Let $(A,\| \cdot \|_A)$, $(B,\| \cdot \|_B)$ and $(E,\| \cdot \|_E)$ real Banach spaces such that $A\subseteq E$ and $B\subseteq E$ with continuous injections. Let $0 < \theta < 1$. For $x\in E$ and $C\geq 0$ consider the following property on the pair $(x,C)$: $$ (P) \hspace{10mm} \forall \epsilon > 0, \,\exists (a,b)\in A\times B \text{ such that } x = a + b, \, \|a\|_A\leq C\epsilon^{-\theta} \text{ and } \|b\|_B \leq C\epsilon^{1-\theta}. $$ Let $[A,B]_{\theta,\infty}$ the set of all $x\in E$ such that there exists $C\geq 0$ such that $(x,C)$ verifies the property (P).

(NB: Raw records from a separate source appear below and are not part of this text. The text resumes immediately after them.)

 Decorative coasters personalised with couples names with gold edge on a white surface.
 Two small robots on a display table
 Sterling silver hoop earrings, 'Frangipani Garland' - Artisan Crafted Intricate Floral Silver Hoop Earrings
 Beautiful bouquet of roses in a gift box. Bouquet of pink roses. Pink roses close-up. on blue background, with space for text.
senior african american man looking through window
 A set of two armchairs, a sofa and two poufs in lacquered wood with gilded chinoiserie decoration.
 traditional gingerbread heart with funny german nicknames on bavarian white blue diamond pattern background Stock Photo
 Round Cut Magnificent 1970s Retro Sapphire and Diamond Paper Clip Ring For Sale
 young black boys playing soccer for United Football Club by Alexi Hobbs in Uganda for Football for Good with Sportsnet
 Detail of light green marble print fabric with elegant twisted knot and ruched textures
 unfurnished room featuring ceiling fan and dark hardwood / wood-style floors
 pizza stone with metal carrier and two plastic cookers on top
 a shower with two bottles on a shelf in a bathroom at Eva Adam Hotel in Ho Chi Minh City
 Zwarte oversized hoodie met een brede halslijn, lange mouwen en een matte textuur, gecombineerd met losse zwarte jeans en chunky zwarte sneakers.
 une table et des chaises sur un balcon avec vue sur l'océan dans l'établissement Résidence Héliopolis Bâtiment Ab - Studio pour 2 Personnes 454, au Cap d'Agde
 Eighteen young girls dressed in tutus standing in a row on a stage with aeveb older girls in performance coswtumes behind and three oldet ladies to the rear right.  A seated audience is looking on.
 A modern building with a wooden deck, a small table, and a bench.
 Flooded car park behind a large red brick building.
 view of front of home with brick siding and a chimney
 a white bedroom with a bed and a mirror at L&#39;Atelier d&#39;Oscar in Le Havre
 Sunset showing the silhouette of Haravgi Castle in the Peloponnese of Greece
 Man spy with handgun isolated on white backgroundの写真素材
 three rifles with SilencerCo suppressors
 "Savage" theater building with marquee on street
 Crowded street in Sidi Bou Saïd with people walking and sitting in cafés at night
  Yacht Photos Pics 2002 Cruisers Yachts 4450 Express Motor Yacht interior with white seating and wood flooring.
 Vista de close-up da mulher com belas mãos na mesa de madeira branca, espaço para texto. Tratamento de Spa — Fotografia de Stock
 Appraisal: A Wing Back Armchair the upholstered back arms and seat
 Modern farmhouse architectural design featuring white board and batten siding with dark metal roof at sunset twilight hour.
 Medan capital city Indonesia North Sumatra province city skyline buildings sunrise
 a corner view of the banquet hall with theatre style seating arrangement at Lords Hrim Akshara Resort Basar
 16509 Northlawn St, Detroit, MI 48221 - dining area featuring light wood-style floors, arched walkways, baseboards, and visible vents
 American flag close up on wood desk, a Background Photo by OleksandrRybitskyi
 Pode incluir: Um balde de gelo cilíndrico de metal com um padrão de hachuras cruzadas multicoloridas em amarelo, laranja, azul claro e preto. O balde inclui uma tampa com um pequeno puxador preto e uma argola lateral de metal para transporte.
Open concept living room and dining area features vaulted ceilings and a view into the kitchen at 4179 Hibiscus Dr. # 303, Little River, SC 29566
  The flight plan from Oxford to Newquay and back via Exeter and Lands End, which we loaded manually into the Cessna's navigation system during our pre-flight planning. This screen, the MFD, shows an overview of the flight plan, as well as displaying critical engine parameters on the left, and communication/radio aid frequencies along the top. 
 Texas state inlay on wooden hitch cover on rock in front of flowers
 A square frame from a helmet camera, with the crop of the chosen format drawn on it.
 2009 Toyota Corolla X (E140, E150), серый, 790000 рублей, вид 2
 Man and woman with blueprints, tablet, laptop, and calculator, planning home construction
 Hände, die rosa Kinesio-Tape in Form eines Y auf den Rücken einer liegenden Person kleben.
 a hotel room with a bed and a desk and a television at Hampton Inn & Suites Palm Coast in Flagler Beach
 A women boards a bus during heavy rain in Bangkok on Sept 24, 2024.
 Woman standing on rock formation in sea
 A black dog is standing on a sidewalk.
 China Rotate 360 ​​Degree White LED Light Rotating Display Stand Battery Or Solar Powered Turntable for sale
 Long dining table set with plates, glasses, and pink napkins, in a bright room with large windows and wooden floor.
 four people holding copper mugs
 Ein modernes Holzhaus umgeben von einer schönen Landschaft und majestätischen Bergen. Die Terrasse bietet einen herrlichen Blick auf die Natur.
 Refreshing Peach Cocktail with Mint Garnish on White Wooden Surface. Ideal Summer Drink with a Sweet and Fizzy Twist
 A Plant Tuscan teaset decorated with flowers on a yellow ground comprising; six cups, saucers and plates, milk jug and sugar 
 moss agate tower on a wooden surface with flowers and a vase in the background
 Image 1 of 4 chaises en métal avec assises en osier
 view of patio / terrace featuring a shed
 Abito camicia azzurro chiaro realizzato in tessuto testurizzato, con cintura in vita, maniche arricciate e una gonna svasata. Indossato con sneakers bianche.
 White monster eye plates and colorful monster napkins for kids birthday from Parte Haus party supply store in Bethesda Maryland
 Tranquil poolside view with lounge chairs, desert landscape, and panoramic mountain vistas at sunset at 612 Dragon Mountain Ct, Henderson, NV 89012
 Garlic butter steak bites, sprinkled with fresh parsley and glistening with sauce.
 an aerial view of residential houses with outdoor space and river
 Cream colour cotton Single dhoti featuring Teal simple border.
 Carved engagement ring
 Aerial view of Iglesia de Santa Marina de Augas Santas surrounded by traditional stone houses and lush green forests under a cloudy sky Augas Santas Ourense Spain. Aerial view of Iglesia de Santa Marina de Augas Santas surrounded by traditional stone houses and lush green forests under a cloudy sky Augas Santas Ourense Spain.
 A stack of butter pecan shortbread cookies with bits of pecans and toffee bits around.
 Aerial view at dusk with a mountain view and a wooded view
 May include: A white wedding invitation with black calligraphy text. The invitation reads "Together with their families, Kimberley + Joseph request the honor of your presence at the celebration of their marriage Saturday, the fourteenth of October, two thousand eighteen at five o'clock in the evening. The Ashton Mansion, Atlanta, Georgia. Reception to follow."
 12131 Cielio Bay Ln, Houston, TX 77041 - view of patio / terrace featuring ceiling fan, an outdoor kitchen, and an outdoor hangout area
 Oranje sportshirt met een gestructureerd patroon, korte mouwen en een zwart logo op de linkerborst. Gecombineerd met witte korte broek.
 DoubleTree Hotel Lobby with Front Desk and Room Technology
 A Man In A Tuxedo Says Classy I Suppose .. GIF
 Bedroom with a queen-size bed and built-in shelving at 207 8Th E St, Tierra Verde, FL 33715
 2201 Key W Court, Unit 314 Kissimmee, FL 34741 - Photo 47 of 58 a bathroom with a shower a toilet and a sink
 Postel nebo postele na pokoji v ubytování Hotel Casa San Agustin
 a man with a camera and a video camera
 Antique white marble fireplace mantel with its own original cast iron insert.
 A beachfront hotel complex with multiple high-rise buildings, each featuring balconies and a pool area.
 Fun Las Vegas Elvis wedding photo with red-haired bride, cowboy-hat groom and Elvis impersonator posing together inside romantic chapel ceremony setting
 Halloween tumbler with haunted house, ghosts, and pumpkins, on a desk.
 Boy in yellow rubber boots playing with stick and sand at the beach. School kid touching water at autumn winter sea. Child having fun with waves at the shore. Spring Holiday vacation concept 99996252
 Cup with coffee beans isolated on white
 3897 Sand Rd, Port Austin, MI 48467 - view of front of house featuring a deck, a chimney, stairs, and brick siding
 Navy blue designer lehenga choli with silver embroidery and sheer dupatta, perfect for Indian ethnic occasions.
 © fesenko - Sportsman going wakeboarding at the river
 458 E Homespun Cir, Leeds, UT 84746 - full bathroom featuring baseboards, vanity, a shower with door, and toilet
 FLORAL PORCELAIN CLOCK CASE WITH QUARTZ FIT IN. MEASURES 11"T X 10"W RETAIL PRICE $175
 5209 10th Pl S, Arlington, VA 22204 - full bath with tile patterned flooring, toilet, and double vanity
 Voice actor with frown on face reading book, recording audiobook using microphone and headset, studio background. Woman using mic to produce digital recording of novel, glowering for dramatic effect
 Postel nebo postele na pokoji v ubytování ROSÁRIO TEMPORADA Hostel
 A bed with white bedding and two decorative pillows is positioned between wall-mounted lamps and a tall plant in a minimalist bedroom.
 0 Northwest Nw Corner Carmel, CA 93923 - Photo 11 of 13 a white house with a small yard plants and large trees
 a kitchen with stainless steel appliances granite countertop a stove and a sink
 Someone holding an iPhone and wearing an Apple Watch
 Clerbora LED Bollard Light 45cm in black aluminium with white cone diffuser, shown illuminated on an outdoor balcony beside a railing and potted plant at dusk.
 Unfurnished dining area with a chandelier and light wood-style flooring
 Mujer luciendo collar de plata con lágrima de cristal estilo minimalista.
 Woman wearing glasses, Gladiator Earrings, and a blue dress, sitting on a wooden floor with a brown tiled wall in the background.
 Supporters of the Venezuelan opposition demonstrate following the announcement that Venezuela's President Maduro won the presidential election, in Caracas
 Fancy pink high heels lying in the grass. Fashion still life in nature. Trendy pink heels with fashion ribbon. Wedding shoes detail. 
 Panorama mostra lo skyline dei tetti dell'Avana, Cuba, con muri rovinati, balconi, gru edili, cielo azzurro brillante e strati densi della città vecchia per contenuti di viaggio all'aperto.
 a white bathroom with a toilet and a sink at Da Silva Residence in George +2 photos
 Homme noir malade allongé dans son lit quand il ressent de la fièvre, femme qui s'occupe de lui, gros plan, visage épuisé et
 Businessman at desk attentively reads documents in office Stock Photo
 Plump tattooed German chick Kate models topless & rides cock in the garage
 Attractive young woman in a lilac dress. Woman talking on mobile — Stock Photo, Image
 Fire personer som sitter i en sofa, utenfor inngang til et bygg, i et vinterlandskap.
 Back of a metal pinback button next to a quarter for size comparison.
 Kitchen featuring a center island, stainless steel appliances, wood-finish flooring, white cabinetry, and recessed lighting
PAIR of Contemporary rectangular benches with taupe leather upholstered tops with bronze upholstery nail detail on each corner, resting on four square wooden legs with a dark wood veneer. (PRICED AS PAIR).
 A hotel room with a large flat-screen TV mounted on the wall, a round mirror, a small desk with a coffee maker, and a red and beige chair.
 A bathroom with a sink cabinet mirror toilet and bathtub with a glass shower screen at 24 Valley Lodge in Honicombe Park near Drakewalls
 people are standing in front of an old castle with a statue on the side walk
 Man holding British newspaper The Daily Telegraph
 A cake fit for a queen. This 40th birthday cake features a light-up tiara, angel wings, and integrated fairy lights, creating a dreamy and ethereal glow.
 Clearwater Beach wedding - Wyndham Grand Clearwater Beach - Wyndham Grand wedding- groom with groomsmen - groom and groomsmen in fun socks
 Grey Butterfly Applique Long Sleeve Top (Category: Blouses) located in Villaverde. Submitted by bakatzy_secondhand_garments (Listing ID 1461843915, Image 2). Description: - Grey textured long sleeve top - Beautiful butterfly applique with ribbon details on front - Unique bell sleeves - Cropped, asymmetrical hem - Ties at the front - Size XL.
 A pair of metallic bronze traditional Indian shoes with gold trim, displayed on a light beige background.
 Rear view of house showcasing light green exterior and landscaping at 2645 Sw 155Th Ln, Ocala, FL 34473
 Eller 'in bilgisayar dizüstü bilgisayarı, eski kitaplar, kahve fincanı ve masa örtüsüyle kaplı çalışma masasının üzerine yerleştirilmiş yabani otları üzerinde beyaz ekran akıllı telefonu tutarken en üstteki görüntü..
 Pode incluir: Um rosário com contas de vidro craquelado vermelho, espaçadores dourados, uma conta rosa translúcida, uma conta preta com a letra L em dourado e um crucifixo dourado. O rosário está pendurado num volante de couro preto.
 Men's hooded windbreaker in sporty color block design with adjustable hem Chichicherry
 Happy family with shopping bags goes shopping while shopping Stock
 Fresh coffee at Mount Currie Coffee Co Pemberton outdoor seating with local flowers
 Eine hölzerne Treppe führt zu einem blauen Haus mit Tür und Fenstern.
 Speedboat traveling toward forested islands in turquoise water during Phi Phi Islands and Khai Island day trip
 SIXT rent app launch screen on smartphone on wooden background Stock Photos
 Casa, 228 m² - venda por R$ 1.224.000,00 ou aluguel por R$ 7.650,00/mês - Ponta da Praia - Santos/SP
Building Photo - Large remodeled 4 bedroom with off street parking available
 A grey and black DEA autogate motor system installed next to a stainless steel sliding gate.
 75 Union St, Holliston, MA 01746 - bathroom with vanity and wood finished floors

It is easy to prove that if $(x_1,C_1)$ and $(x_2,C_2)$ verifies (P), then $(x_1 + x_2,C_1+C_2)$ verifies (P) and that for every real $\alpha$, $(\alpha x_1, |\alpha|C_1)$ verifies (P), thus $[A,B]_{\theta,\infty}$ is a vector subspace of $E$.
For every $x\in [A,B]_{\theta,\infty}$ define $$ \|x\|_{[A,B]_{\theta,\infty}} = \inf\{C\geq 0 : (x,C) \text{ verifies (P)}\}. $$ Then $\| \cdot\|_{[A,B]_{\theta,\infty}}$ is a norm on $[A,B]_{\theta,\infty}$.
My question is: Is this construction equivalent to the construction of the interpolation space $[A,B]_{\theta,\infty,K}$ obtained with the $K$-method?
I can prove the inequality $$ \|x\|_{[A,B]_{\theta,\infty,K}}\leq 2\|x\|_{[A,B]_{\theta,\infty}}, $$ where the norm in the left is the one obtained with the $K$-method.
How can I prove that the norms $\| \cdot\|_{[A,B]_{\theta,\infty,K}}$ and $\| \cdot\|_{[A,B]_{\theta,\infty}}$ are equivalent without requiring the open mapping theorem?
Thank you in advance!
\begin{align*} \Vert x\Vert_{\lbrack A,B]_{\theta,\infty,K}} & =\sup_{t>0}t^{-\theta }K(x,t)\\ K(x,t) & =\inf\{\Vert a\Vert_{A}+t\Vert b\Vert_{B}:\,a+b=x\}. \end{align*} By the definition of infimum, given $t>0$ and $\delta>0$ there exist $a\in A$, $b\in B$ such that $a+b=x$ and $$ \Vert a\Vert_{A}+t\Vert b\Vert_{B}\leq K(x,t)+\delta t^{\theta}% $$ and so$$ t^{-\theta}\Vert a\Vert_{A}+t^{1-\theta}\Vert b\Vert _{B}\leq t^{-\theta}(K(x,t)+\delta t^{\theta})\leq\Vert x\Vert_{\lbrack A,B]_{\theta,\infty,K}}+\delta, $$ which shows that \begin{align*} t^{-\theta}\Vert a\Vert_{A} & \leq\Vert x\Vert_{\lbrack A,B]_{\theta ,\infty,K}}+\delta=:C_{0}\\ t^{1-\theta}\Vert b\Vert_{B} & \leq\Vert x\Vert_{\lbrack A,B]_{\theta ,\infty,K}}+\delta=:C_{0}. \end{align*} By replacing $t$ with $1/\epsilon$ we have that property P holds and $C_{0}$ is an admissible constant $C$ in the definition of $\Vert x\Vert_{\lbrack A,B]_{\theta,\infty}}$. Thus,$$ \Vert x\Vert_{\lbrack A,B]_{\theta,\infty}}\leq C_0=\Vert x\Vert_{\lbrack A,B]_{\theta,\infty,K}}+\delta $$ for every $\delta$. Letting $\delta\rightarrow0^{+}$ gives the inequality.